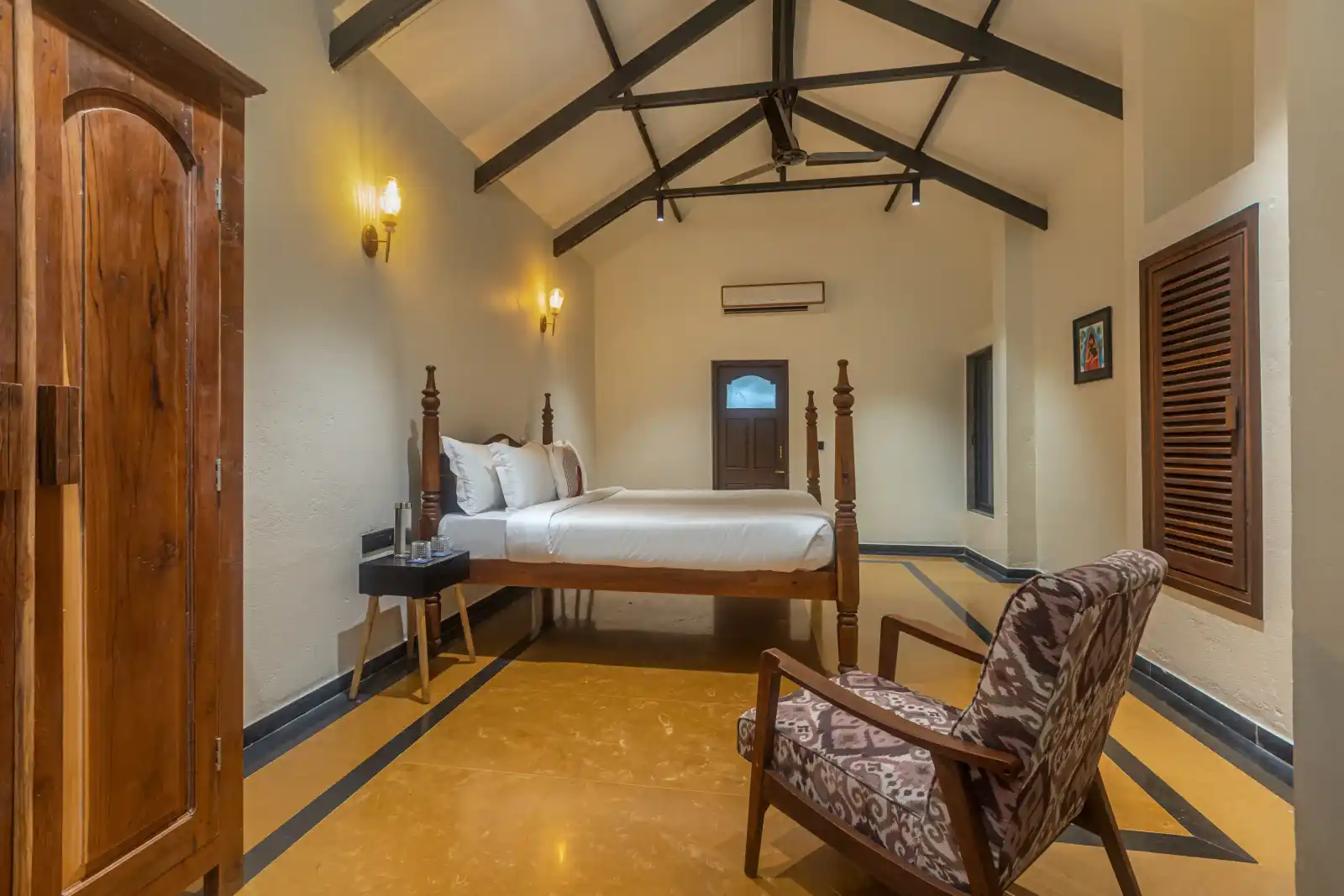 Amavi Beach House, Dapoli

...

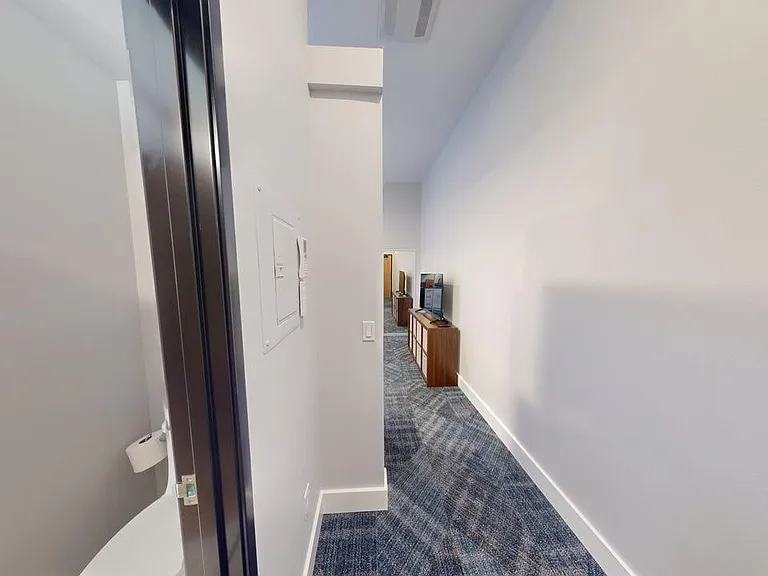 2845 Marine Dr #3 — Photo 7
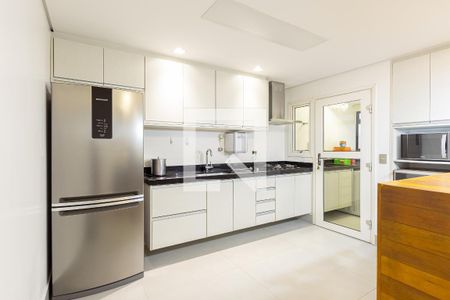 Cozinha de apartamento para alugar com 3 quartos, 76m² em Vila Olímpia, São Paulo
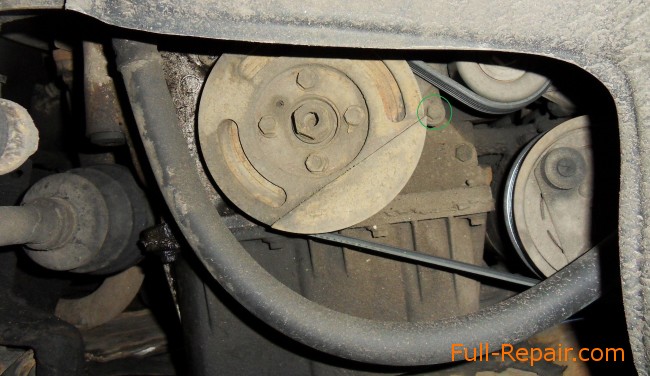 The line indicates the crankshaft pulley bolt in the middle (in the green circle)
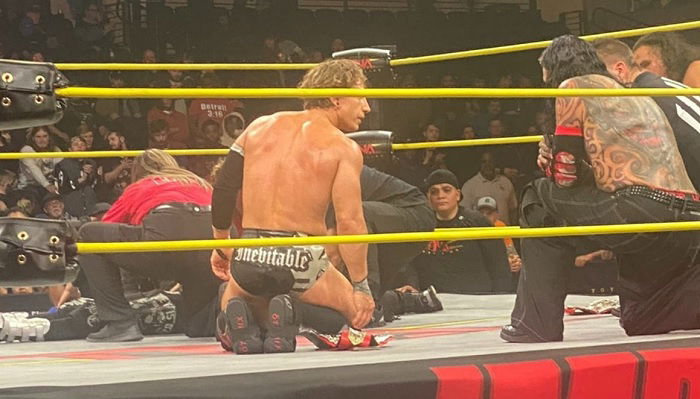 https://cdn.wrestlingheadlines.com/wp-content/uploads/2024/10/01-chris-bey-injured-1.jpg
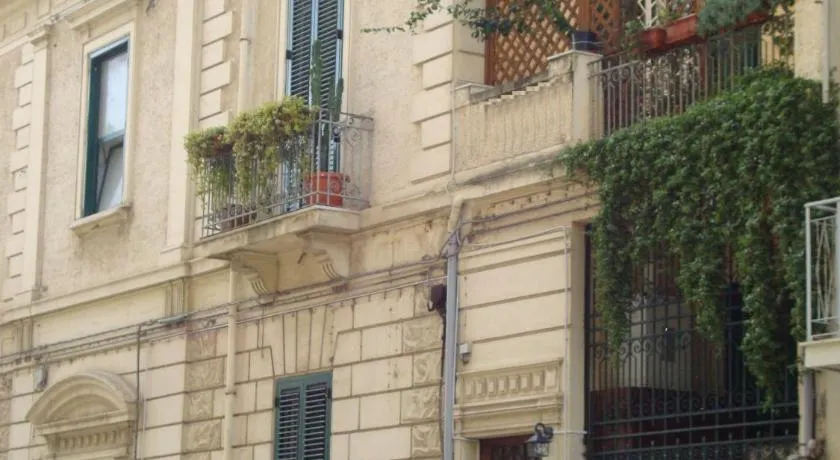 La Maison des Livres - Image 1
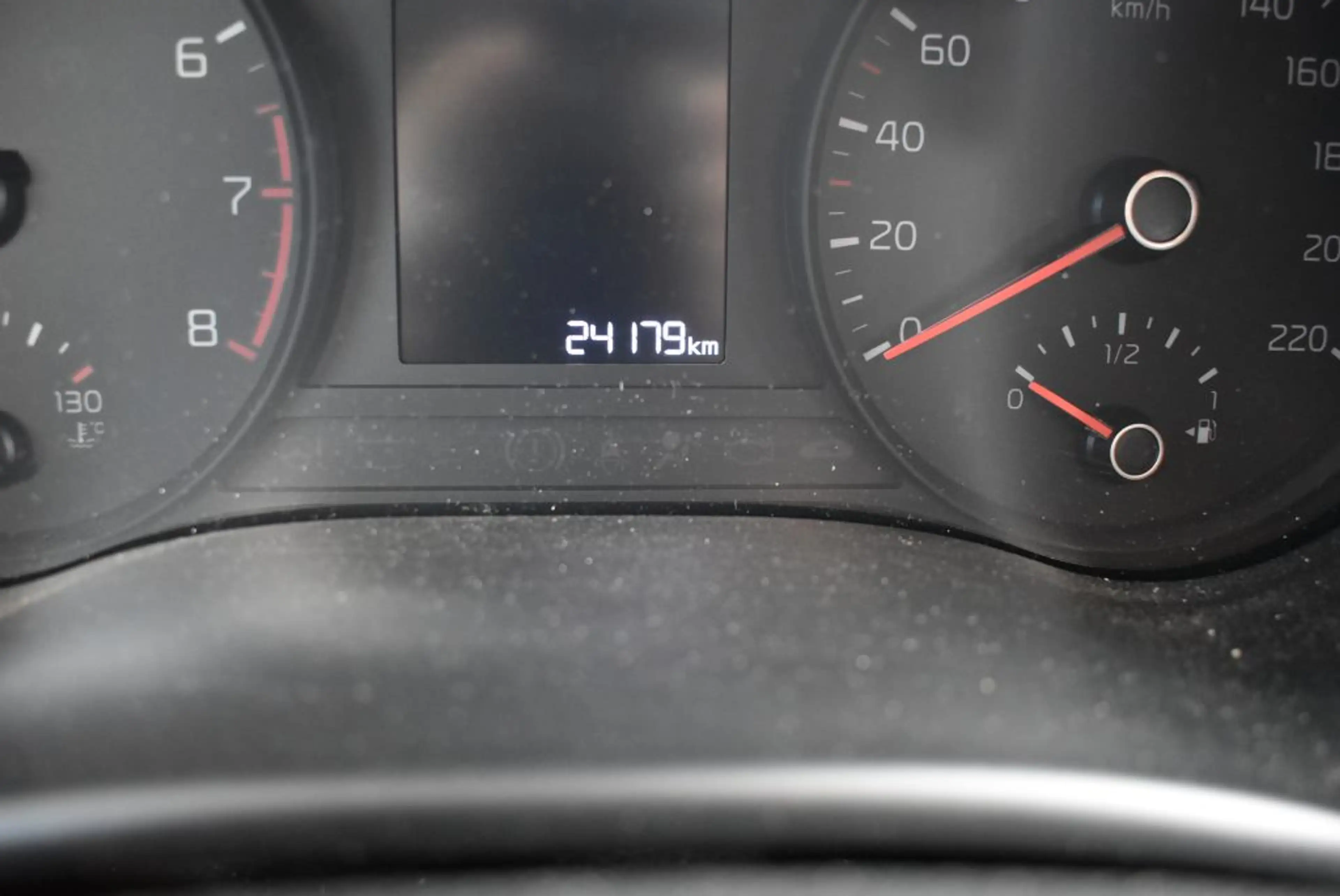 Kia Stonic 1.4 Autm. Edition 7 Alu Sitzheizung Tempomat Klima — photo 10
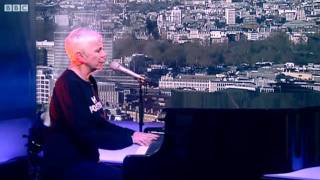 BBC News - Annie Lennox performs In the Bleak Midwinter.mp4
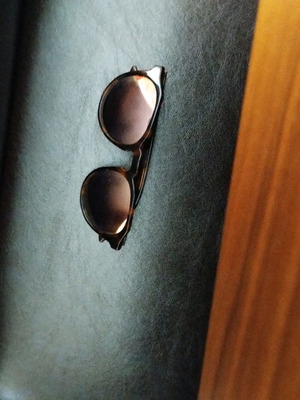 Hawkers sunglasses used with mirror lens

==

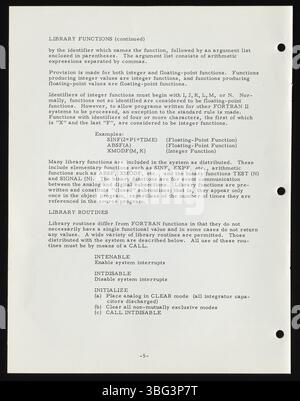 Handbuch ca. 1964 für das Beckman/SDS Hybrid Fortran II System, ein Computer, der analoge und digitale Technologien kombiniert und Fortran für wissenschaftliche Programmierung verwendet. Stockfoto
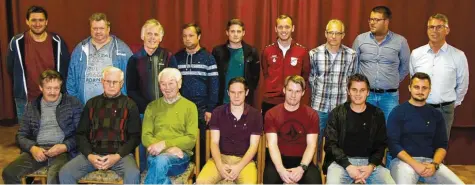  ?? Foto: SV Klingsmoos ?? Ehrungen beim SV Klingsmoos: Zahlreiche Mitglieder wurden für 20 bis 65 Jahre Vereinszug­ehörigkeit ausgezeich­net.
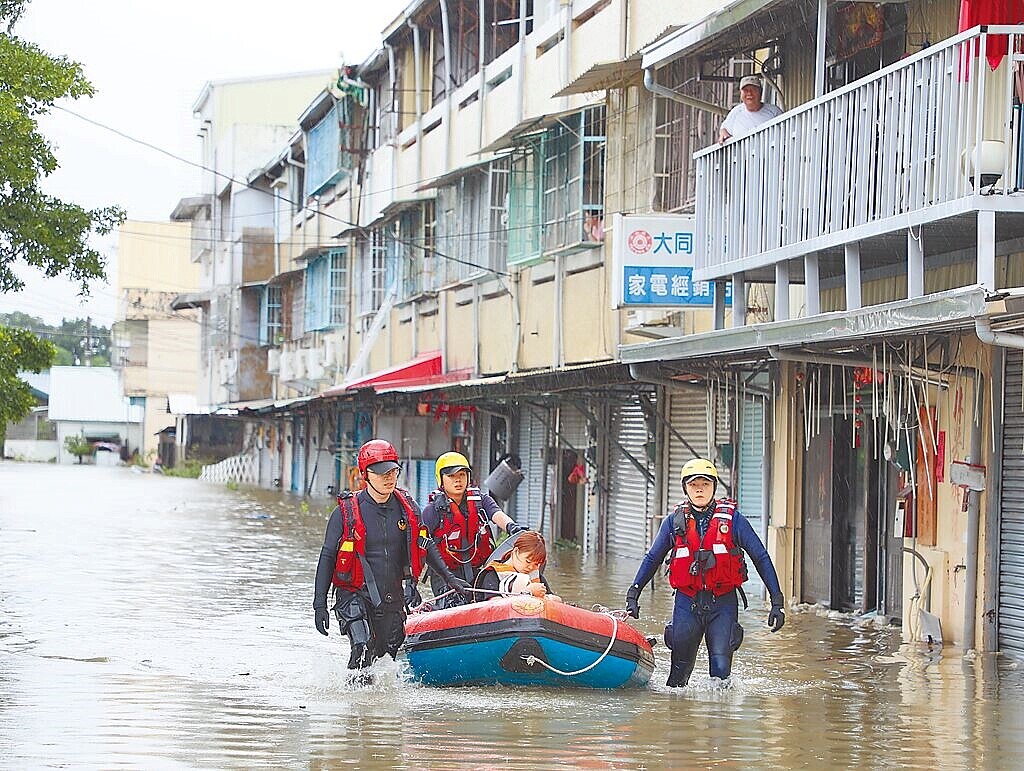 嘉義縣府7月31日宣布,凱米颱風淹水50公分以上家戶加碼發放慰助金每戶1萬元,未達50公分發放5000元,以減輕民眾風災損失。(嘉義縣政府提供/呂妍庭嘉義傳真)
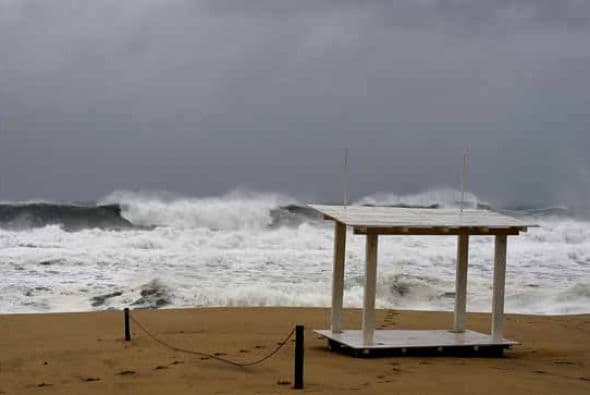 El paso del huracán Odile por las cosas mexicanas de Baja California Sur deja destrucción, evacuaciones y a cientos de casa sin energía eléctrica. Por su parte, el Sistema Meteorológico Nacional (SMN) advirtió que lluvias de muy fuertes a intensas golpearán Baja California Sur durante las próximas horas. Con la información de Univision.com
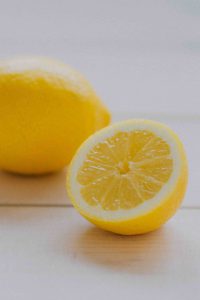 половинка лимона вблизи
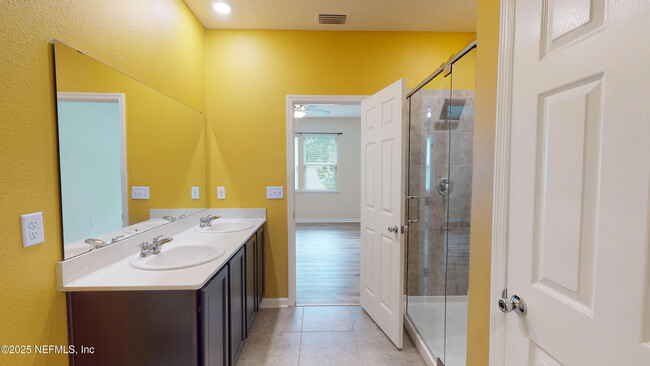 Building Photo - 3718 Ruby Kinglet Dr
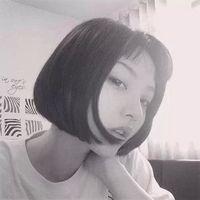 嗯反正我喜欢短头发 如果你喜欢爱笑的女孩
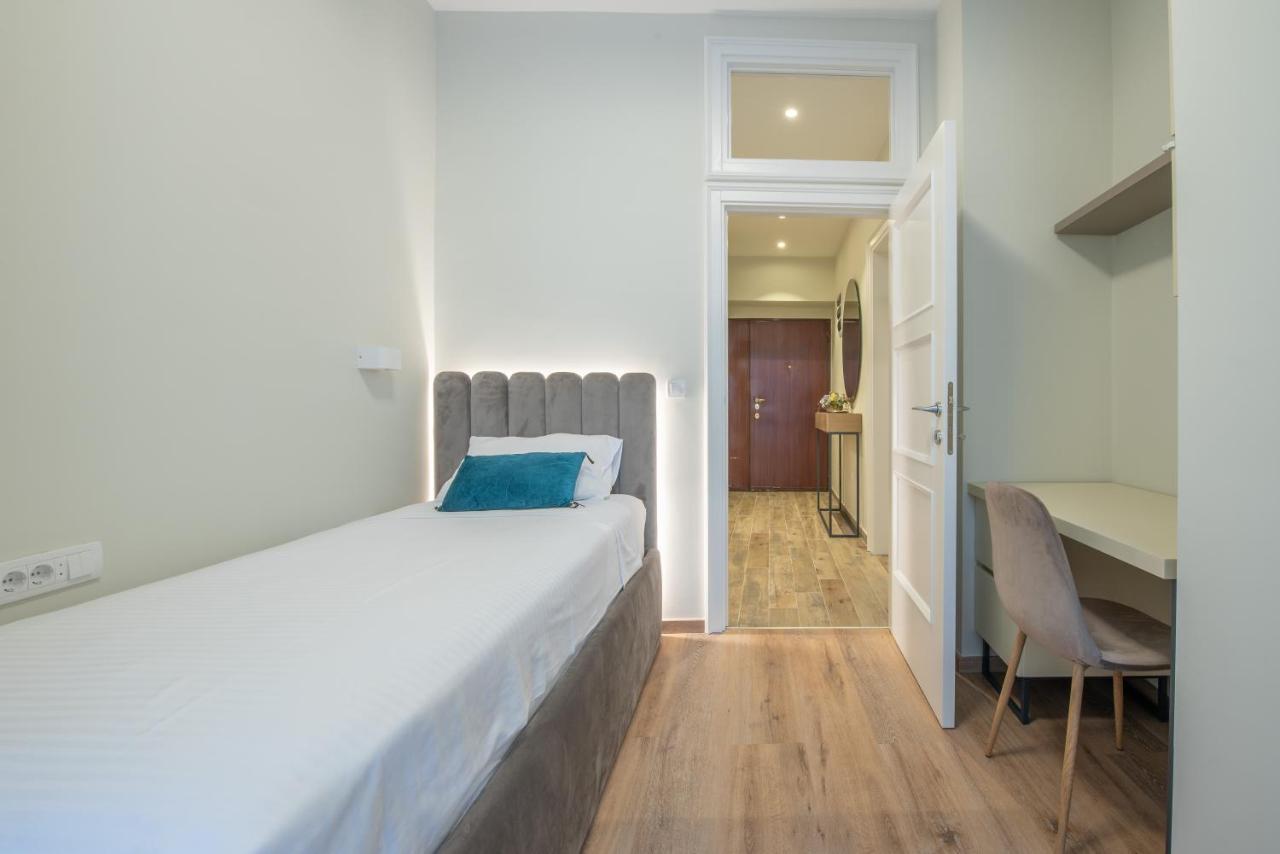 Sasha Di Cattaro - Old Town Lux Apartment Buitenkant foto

### [Exercise brief]
Write out, word for word, the stretch of entries that begins at the line with "2845 Marine Dr #3 — Photo 7" and ends at the line with "Hawkers sunglasses used with mirror lens". Pictures do not belong in it.

### [Response to the exercise]
 2845 Marine Dr #3 — Photo 7
 Cozinha de apartamento para alugar com 3 quartos, 76m² em Vila Olímpia, São Paulo
 The line indicates the crankshaft pulley bolt in the middle (in the green circle)
 https://cdn.wrestlingheadlines.com/wp-content/uploads/2024/10/01-chris-bey-injured-1.jpg
 La Maison des Livres - Image 1
 Kia Stonic 1.4 Autm. Edition 7 Alu Sitzheizung Tempomat Klima — photo 10
 BBC News - Annie Lennox performs In the Bleak Midwinter.mp4
 Hawkers sunglasses used with mirror lens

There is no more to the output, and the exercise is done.